Never before has a new year been so unlike the old one. My last 4 months can be described, summarized, encapsulated (you get the picture) in one word: Perfection. Sure, I’ve had my ups and downs, spells of homesickness and times of sheer exhaustion, but those moments have always been fleeting. The school year ended smoothly and vacation was beginning. What more could I ask for? In addition, I was living with a family who loved me and who loved each other, or so it seemed.
On New Year’s Eve, the father of my Costa Rican family came back from a party, staggering drunk. He could barely stand and his speech was slurred as if he had just had his tongue numbed. After resting a bit, he got up and demanded the car keys. He was clearly in no position to drive; He could easily kill himself or a pedestrian. My Costa Rican mom offered to drive him home to rest, but that didn’t cut it for him. To make a long story short, it quickly escalated to a physical struggle and he was arrested shortly thereafter. Later, I learned that this has happened before and although it was years ago, this was the last straw. He was also unfaithful in his marriage. Divorce papers are being signed. My family’s lives had been turned upside down in a matter of hours.

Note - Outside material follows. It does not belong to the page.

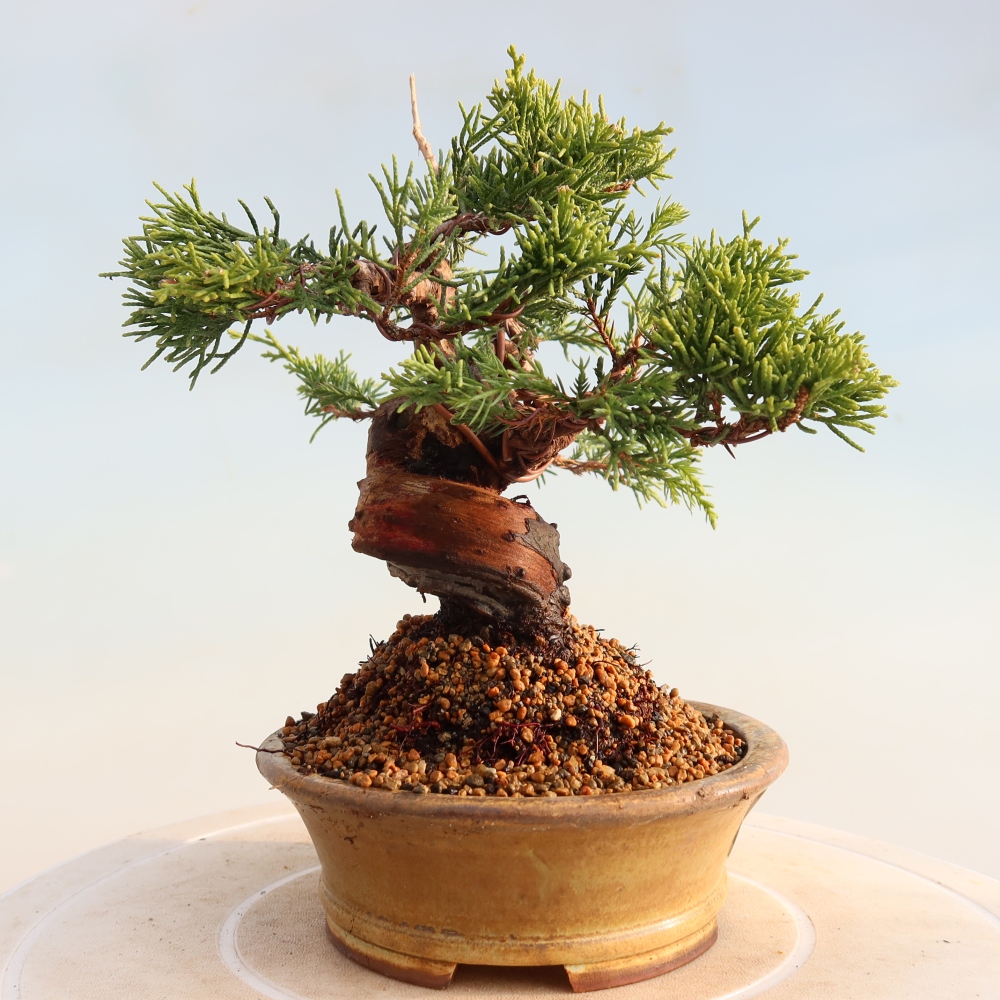 Outdoor bonsai - Juniperus chinensis Itoigawa - Chinese juniper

That night, I hardly slept. I cried to God to save my family. I prayed that the two young girls (4 and 9 years old) would be spared the sadness of a broken home. As I prayed, I began to realize that whether or not there was a divorce, this was already a broken home. I instead began to pray that God would surround the family and that they would feel his love for them and keep them from further harm.

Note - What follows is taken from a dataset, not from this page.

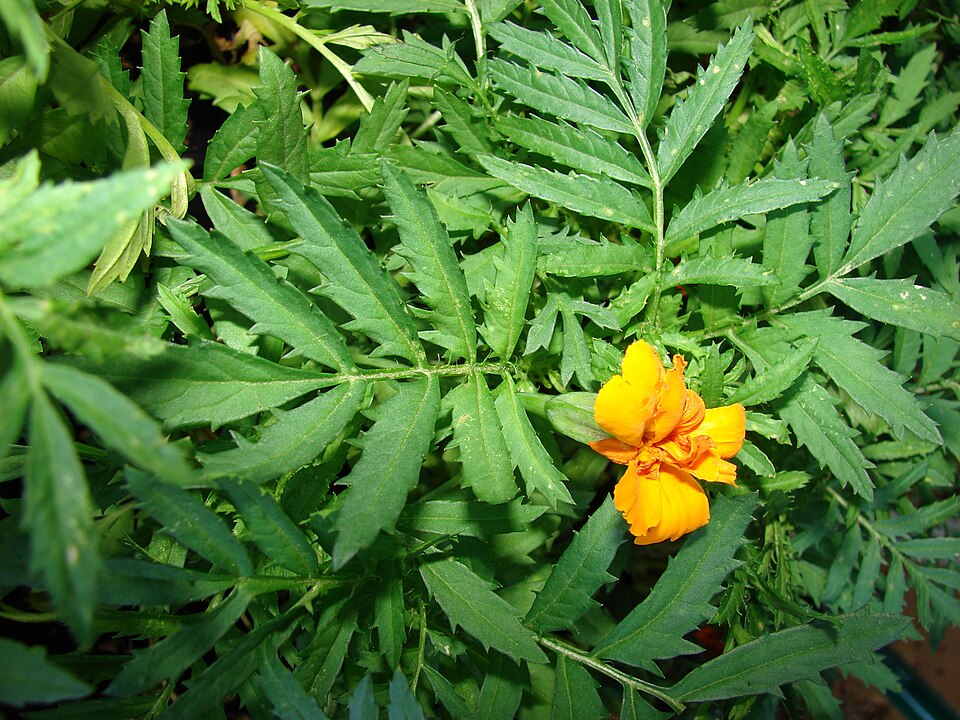 Aztec Marigold photo 4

 Later, as I shared all this with my mom (as in, Lupe), she asked me what it meant for me. Was I going to still live there or would I have to move again? I realized that I didn’t want to move. I love my Costa Rican family with all my heart. Even though I can’t fix the marriage or erase the damage that was caused, I can do my part to make sure that life continues. Things as simple as making sure the laundry is done, the dishes are put away, and the house is clean can make a world of difference for a single, hard-working mother. I can make sure mom gets a break when she comes home from a work by playing with the girls or even just watching a movie with them. Though I came here to teach, maybe this family is my real mission, or rather, God’s real mission. Maybe I’m here “for such a time as this.”

*Update* My story was published in the Collegian, the student run newspaper at WWU.